本書は、秋田書店の少女誌「プリンセス」に1970年代後半に連載された『オリンポスのポロン』と、双葉社のたぶんこどもマンガ雑誌(?)と思われる「100てんコミック」に1980年代前半連載された『おちゃめ神物語コロコロポロン』を収録した作品集。 書き下ろしも10ページ程度ずつおさめられている。
この作品が描かれた頃は、吾妻ひでおが非常にたくさんの作品を描いていた時期。 その中でも、本作は、ギャグやストーリーはかなり控え目気味。 特にコロコロポロンの方は、こどもをかなり意識した構成になっている。 普通は、楽屋落ちに、変な趣味的なネタ、うまくいかなくてダメだあという表現が、バンバンでてくるだけに、本作は、物足りないか、新鮮に感じるかのどちらかかもしれない。

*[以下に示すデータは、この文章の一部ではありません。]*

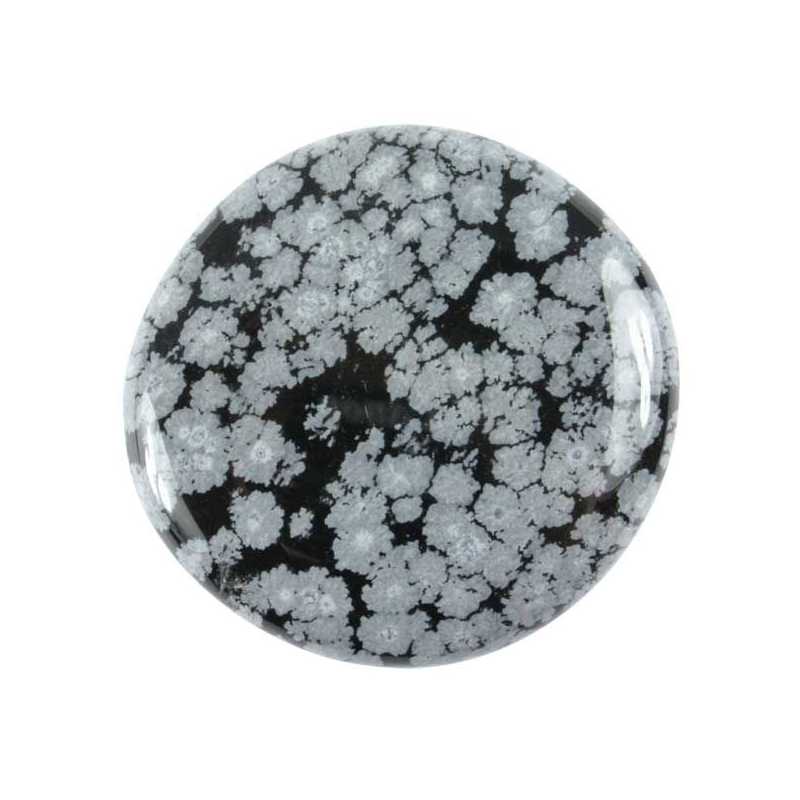 Schneeflockenobsidian Scheibenstein - Kehuna Stones and Senses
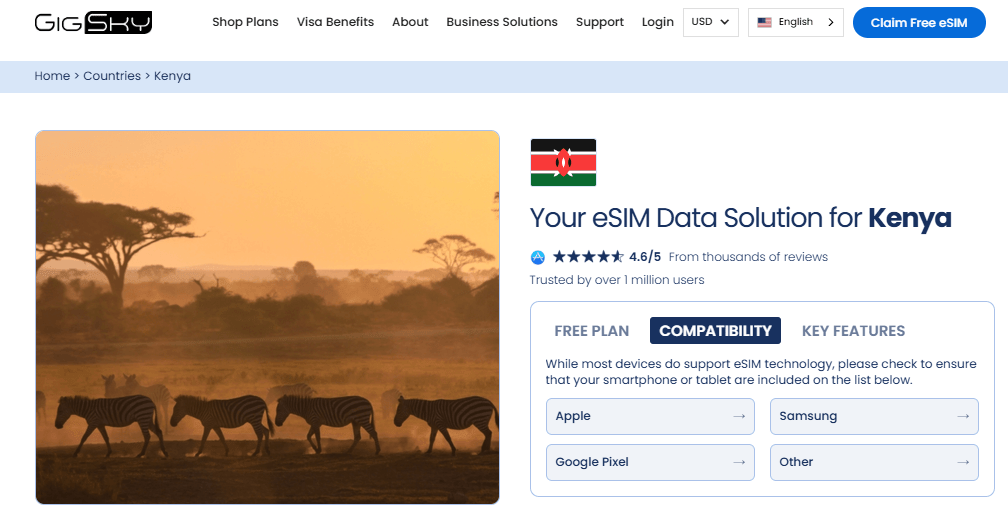 gigsky esim for kenya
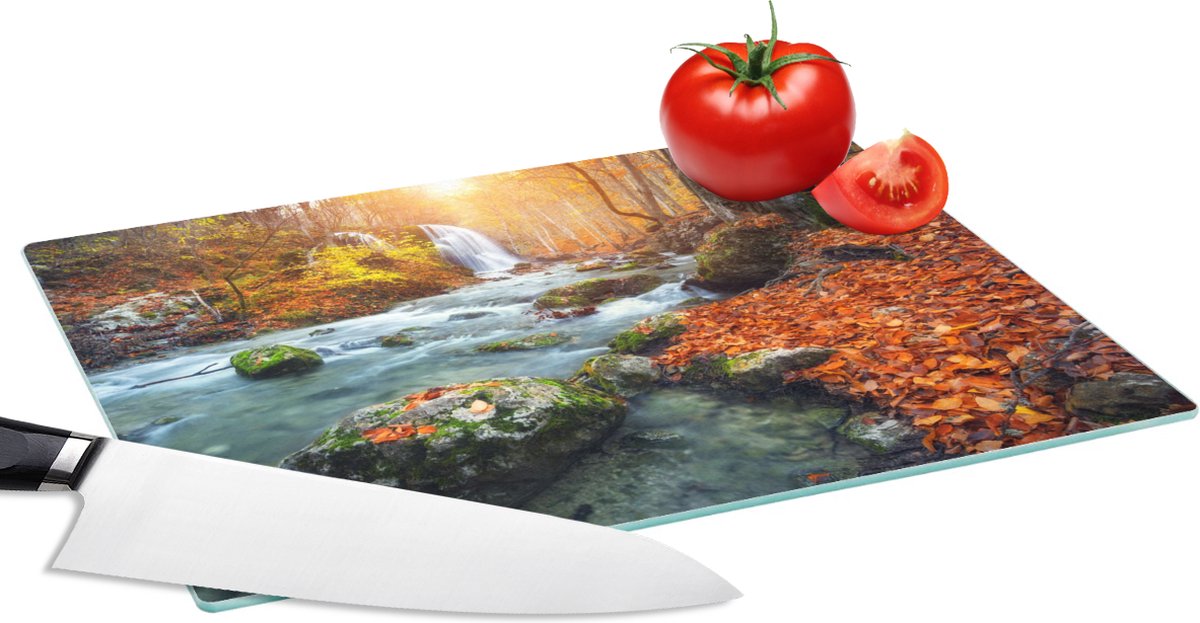 Glazen Snijplank - 28x20 - Natuur - Zon - Herfst - Snijplanken Glas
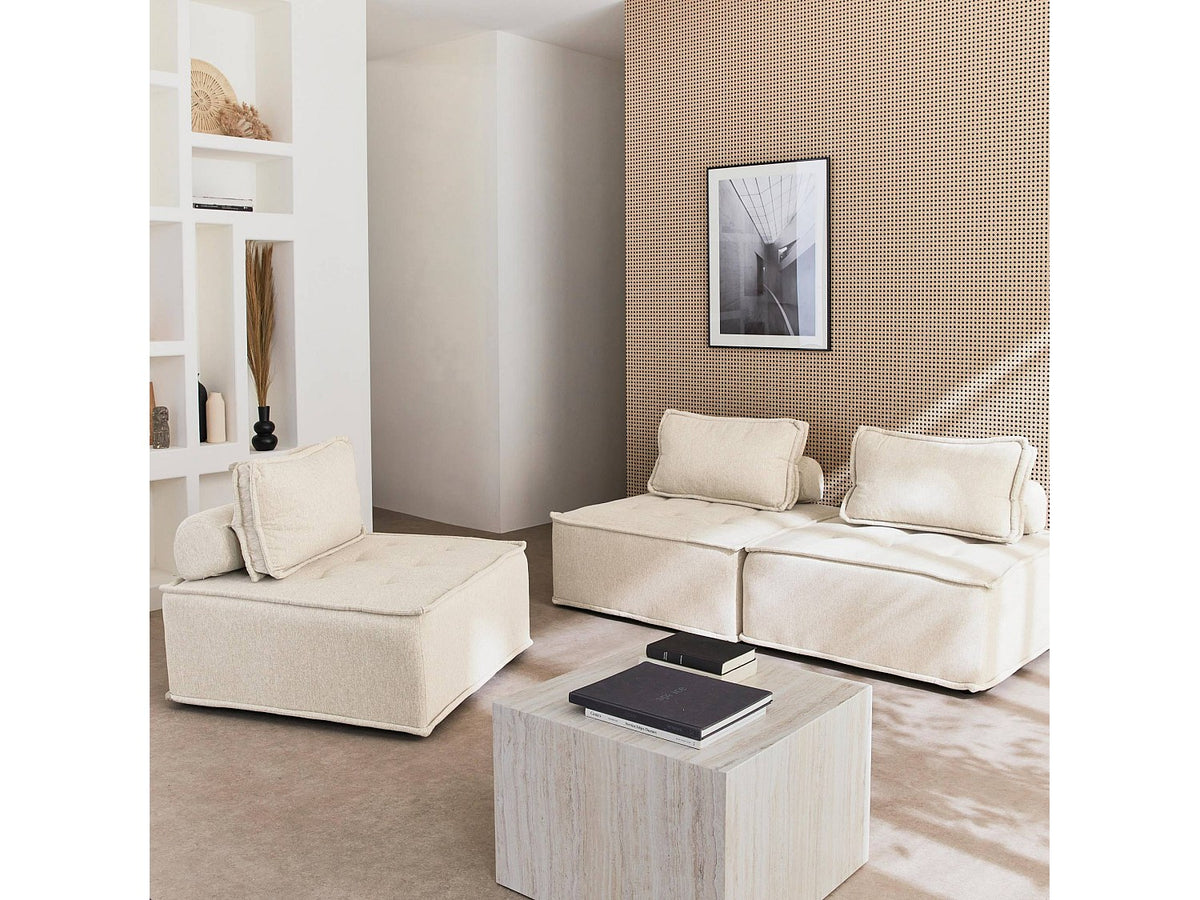 Chauffeuse modulable beige tissu
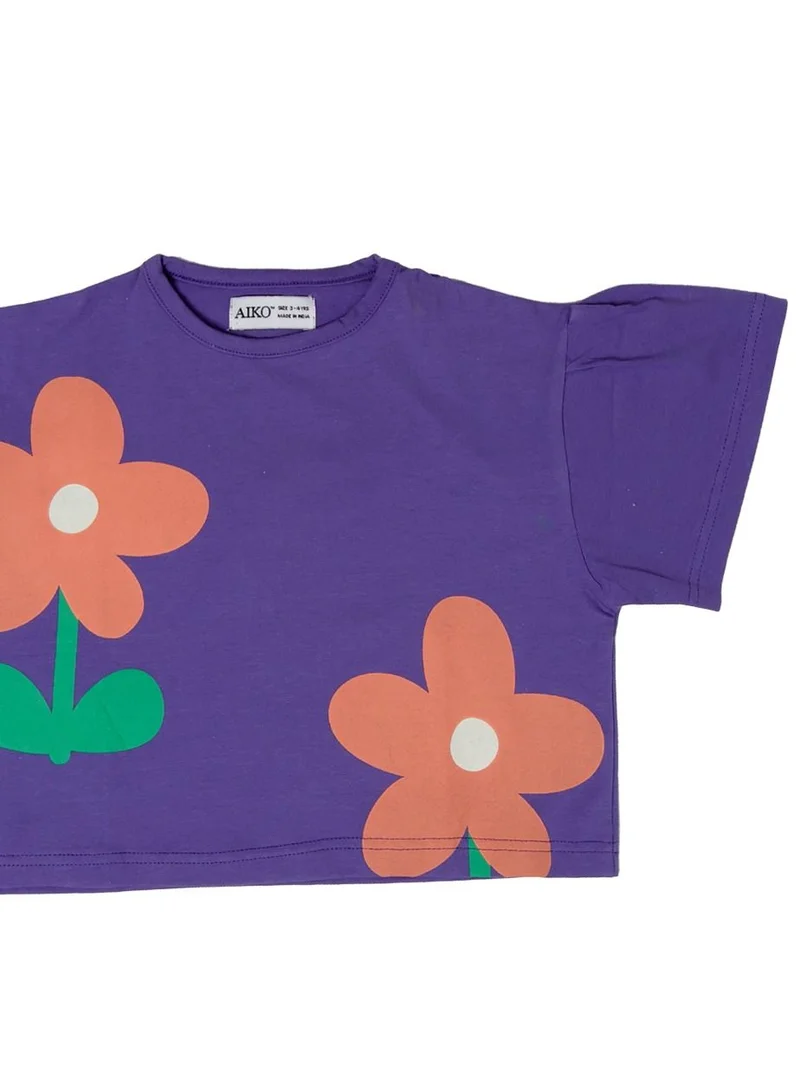 ايكو AIKO - Girls T-Shirt and Skirt Floral Pattern Set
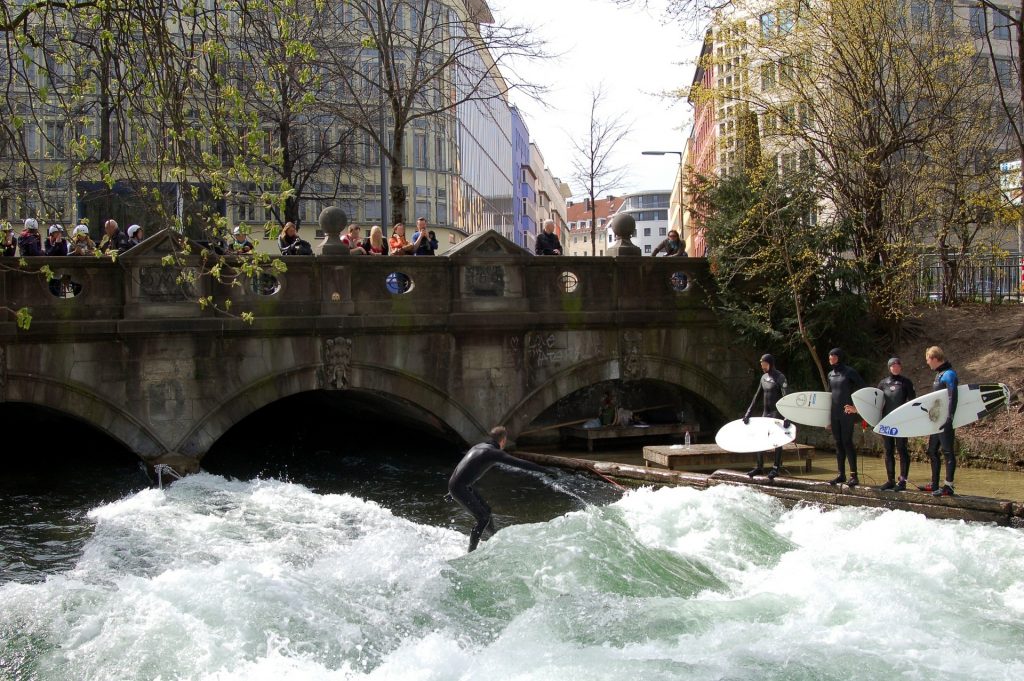 A surf spot in the middle of the city of Munich in Germany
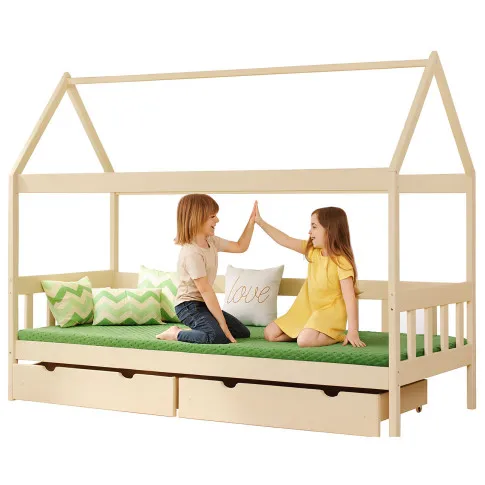 Drewniane łóżko dziecięce domek z szufladami Dada 4X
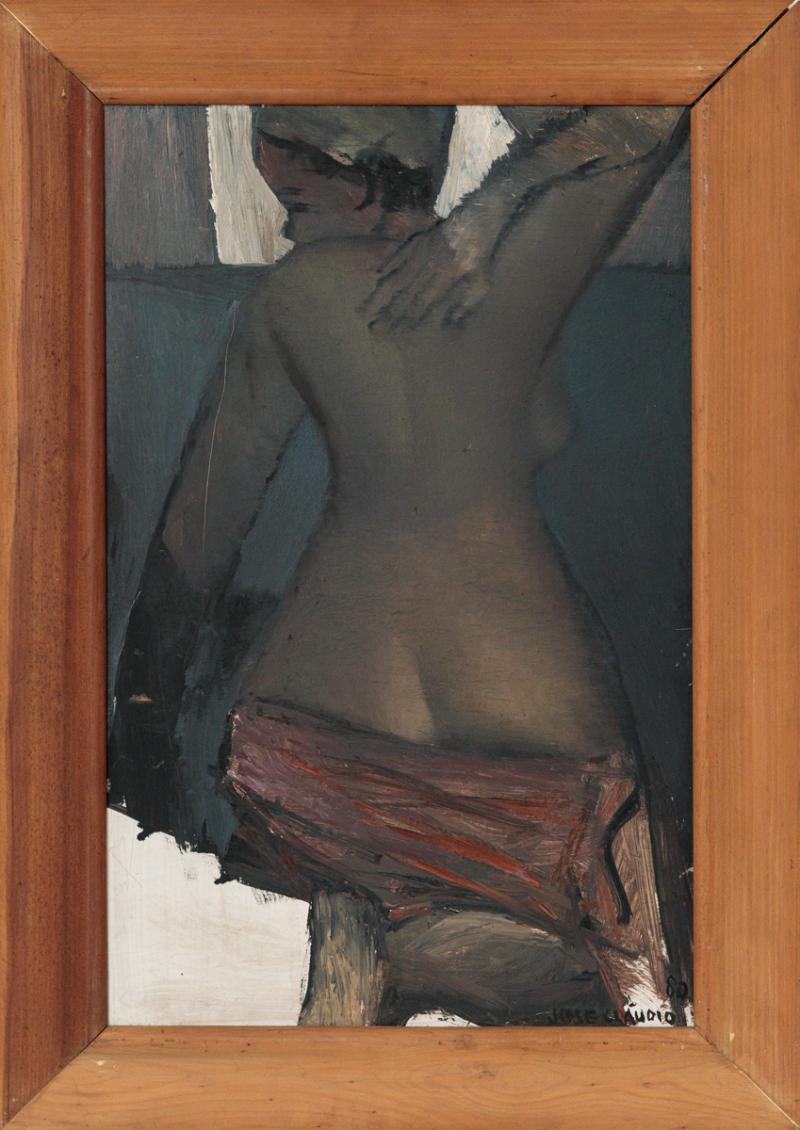José Claudio - Nu feminino de costas, 1980, óleo sobre placa, 60 x 40 cm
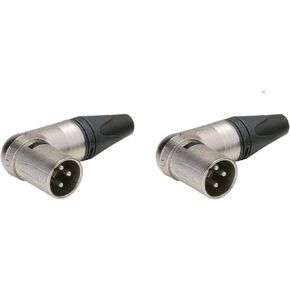 (2) Two Genuine NEUTRIK NC3MRX 3-Pin XLR Right Angle Male Cable Mount Nickel in Saudi Arabia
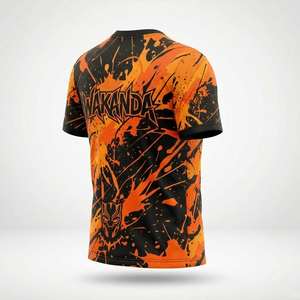 เสื้อยืดกีฬาคอกลมแขนสั้นพิมพ์ลายแบบซับลิเมชั่นสั่งทำจำนวนมาก แห้งเร็ว ผลิตจากโพลีเอสเตอร์ เหมาะสำหรับออกกำลังกายและฟิตเนส - Product Image 4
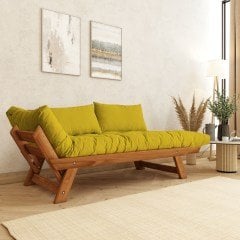 Adalar Masif Tik-Sarı Renk 2li Kanepe CPT8163-210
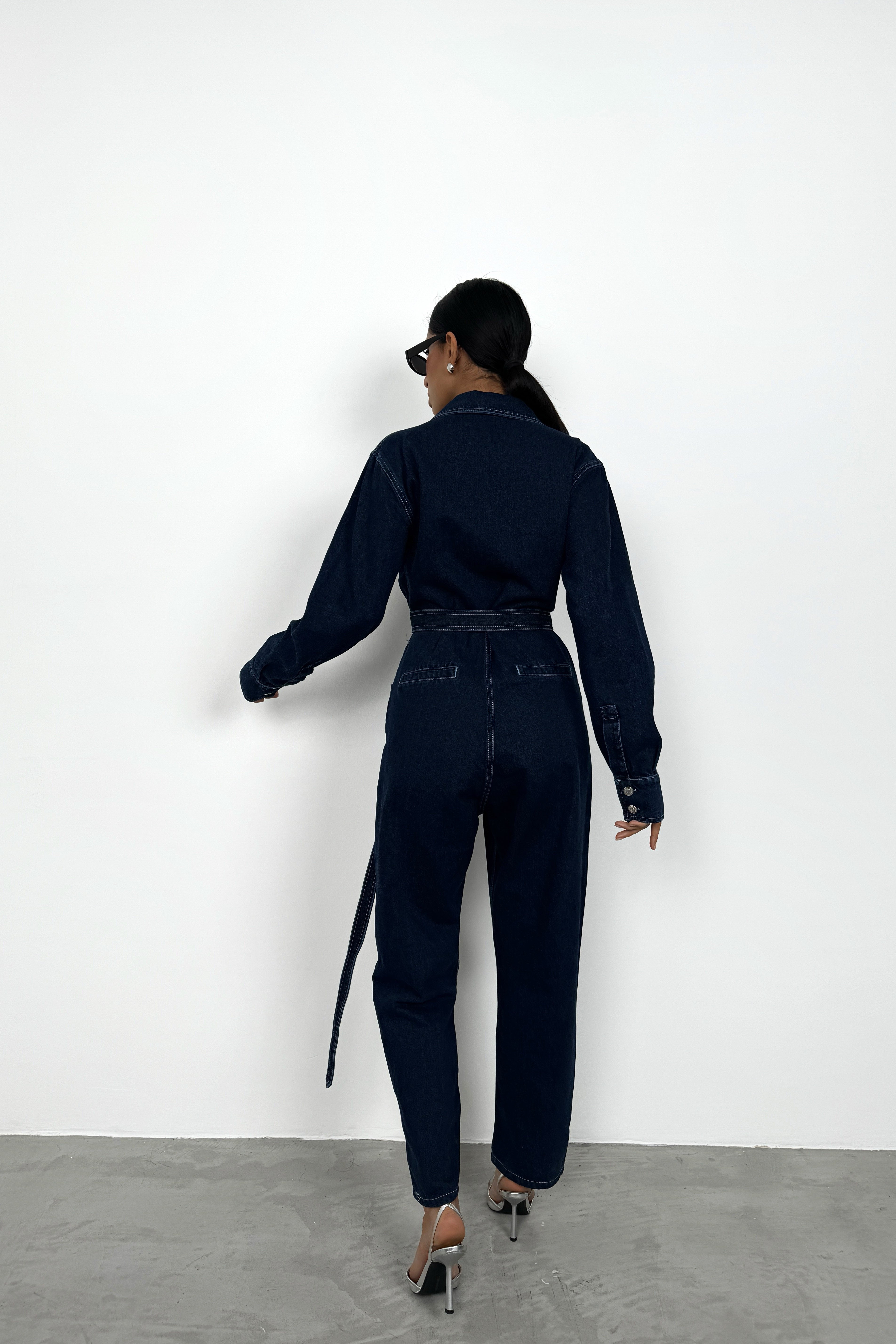 Waistt Detail Navy Denim Jumpsuit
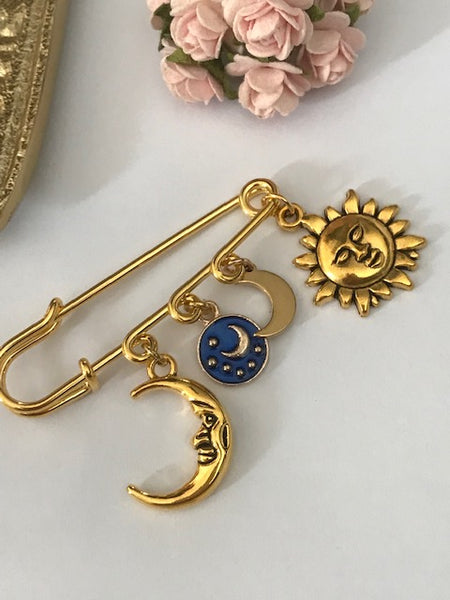 Broche lune et soleil, cadeau pour maman soleil, cadeau femme lune, breloque lune et soleil, pendentif soleil doré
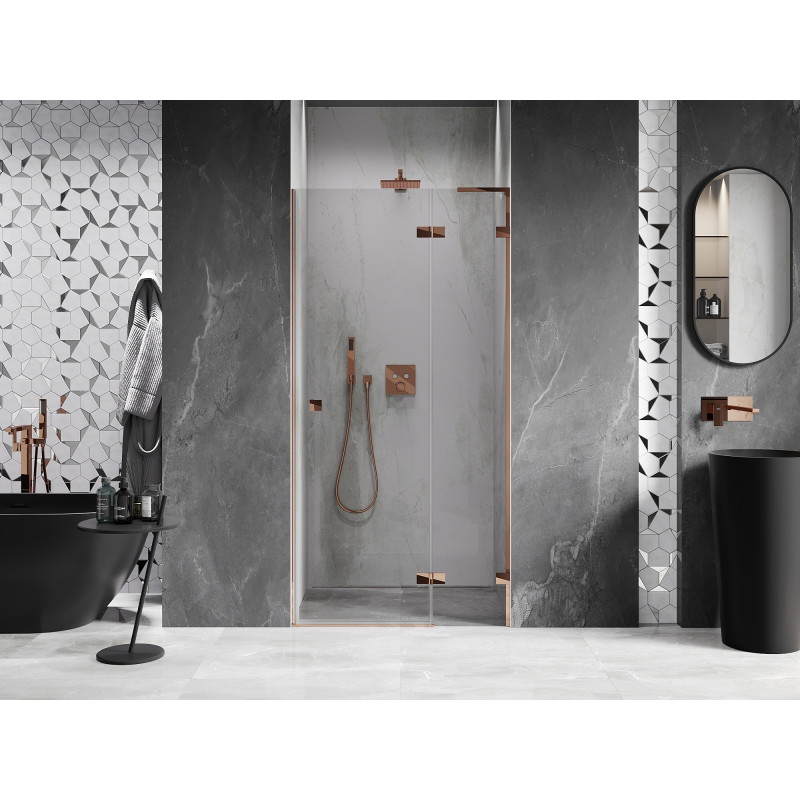 Mexen Lunar L rechte Schwingduschtür 105 cm, transparent, Roségold - 834L-105-000-60-00-P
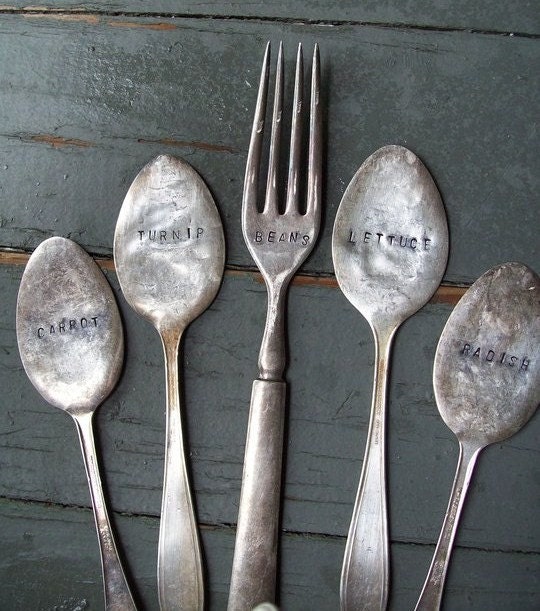 Pick 5 - Custom Hand Stamped Vintage Silverware Garden Markers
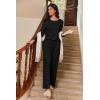 imageEkouaer Womens Pajama Sets Pleated Tops with Long Pants Lounge Set Long Sleeve Fall Sleepwear Ladies Pjs SXXLBlack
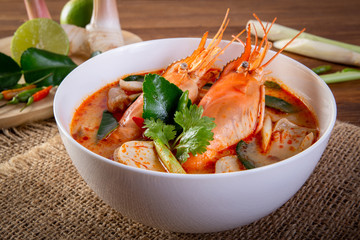 Tom yam kung is a spicy clear soup typical in Thailand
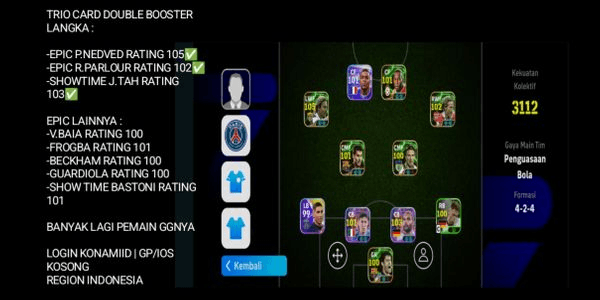 Gambar Product AKUN EFOOTBALL GG CHEAP TRIO CARD DOUBLE BOOSTER RARE : P.NEDVED, R.PARLOUR, J.TAH ft OTHER GG CARDS MANY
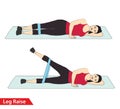 Woman doing Leg Raise workout with resistance band crunch for exercise guide.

この作品は、アニメ化されており、これは後に描かれた『ななこSOS』も同様。 ただし、このマンガは、普通に作品をアニメにしようとすると、1話あたり、数分程度になってしまう。 また、ギャグに比重があり、しかもドタバタものなので、ストーリーとしては微妙。 このため、アニメ版の方はかなりアレンジが入っていて、30分もののストーリー構成に、山本正之の曲(「根が明るい音頭」ほか)、登場人物の心情描写などが増えている。 また、ギャグも、普通のテレビアニメのものになっていた。
というわけで、原作といっても、かなりアニメとは違う。 とは言うものの、今回原作を読んで気づいたのだが、けっこう、アニメの方では、『オリンポスのポロン』の話を原型に使って、30分に引き延ばした話もあった。 もっと、全然違うと思っていただけに、これにはびっくり。
なお、今後、『ななこSOS』も文庫化するとのこと。